Huckabee also defended his breaks from conservative orthodoxy on Common Core education standards, immigration and cap and trade. He said he would support a bill to give in-state benefits to undocumented immigrants again, as he did in 2006 as governor of Arkansas.

"You don't punish a child for something his parents did. I want to get control of the borders... But I don't know that we've ever been a nation that said, 'If you're in the back seat of your car when your dad is speeding, we're going to charge you in the back seat for what your dad did up in the front seat.'"

Huckabee, however, did say that he would roll back the president's 2012 executive order giving the children of some undocumented immigrants legal status. "We have a thing called a constitution," he said. "And the Constitution doesn't allow the chief executive just to make up law.'"

Pressed by Todd repeatedly, Huckabee refused to say whether he would support a path to citizenship for the nation's more than 11 million undocumented immigrants. "There's got to be some form of, I guess, addressing the fact that they have broken the law. I don't think they ought to be put on buses and mass deported. That's not realistic or practical. But I do think that you can't just say, 'Okay, blanket amnesty.'"

Asked again whether he would support a path to legalization after imposing penalties, Huckabee said, "Exactly what are the penalties? That's why you have a Congress ... For me to tell you what it's going to look like when it's over, can't do that. I'm not president. And Congress hasn't even put a bill in front of him that ten people over in Congress can agree on yet."

Huckabee said he's changed his views on Common Core since he wrote a letter in 2013 calling the education standards "near and dear to my heart." "What happened was that the federal government decided to get involved, tie it to the Race to the Top funds, started adding things like data collection, expanded it to curriculum, took on a number of other topics and subject," he said.
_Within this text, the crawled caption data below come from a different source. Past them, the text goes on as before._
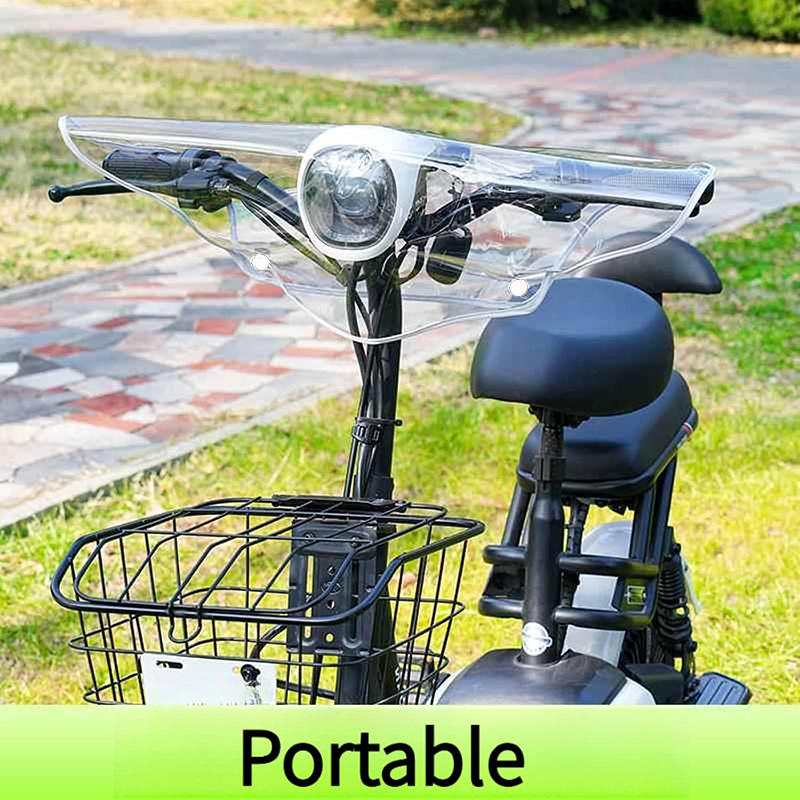 Electric Scooter - 1PC Pelindung Hujan Anti Angin Anti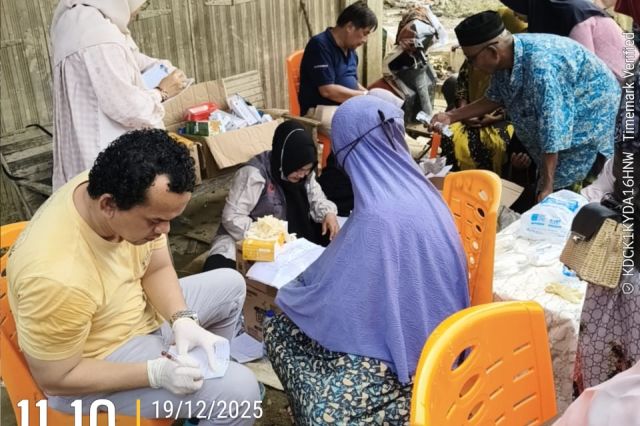 Pulihkan Layanan Kesehatan Pasca Bencana 539 Nakes yang tergabung dalam 33 Tim EMT Terpadu Diterjunkan ke Seluruh Aceh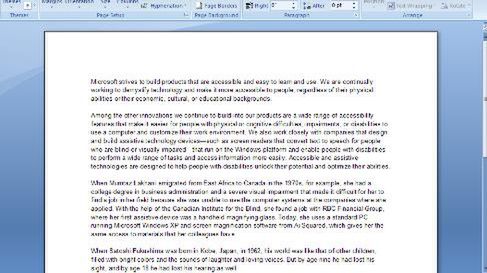 Drukujemy wybrane fragmenty tekstu - Word 2007 1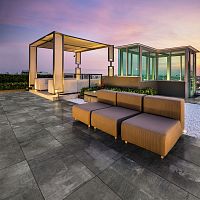 Outdoor tile TATTOO poolsidefloorporcelain stoneware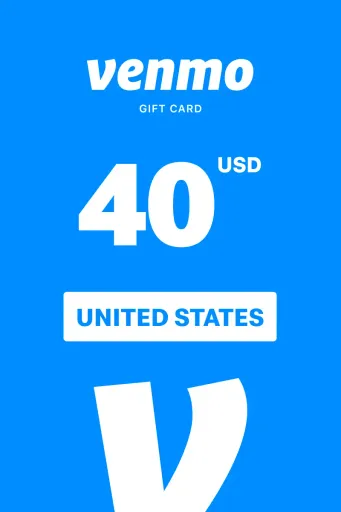 Venmo 40 USD Gift Card (United States) - Digital Key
The Obama administration provided $360 million dollars to two multi-state consortia that developed new testing aligned with the standards, but Common Core did not receive any federal funding in the 2015 budget passed this fall.

Huckabee suggested in media interviews this week that if the Supreme Court invalidates state bans on same-sex marriage, state legislatures should consider ways to resist. Asked by Todd whether he is advocating nullification, Huckabee did not walk back that argument. "I'm really saying that there is a process to change the law. And it doesn't just involve one unilateral branch of government ... The courts can't make a law."

Huckabee compared the marriage cases before the court to the 1857 Dred Scott decision that said African-Americans could not be citizens. "Abraham Lincoln refused to adhere to that," he said, "because he said it wasn't a just law."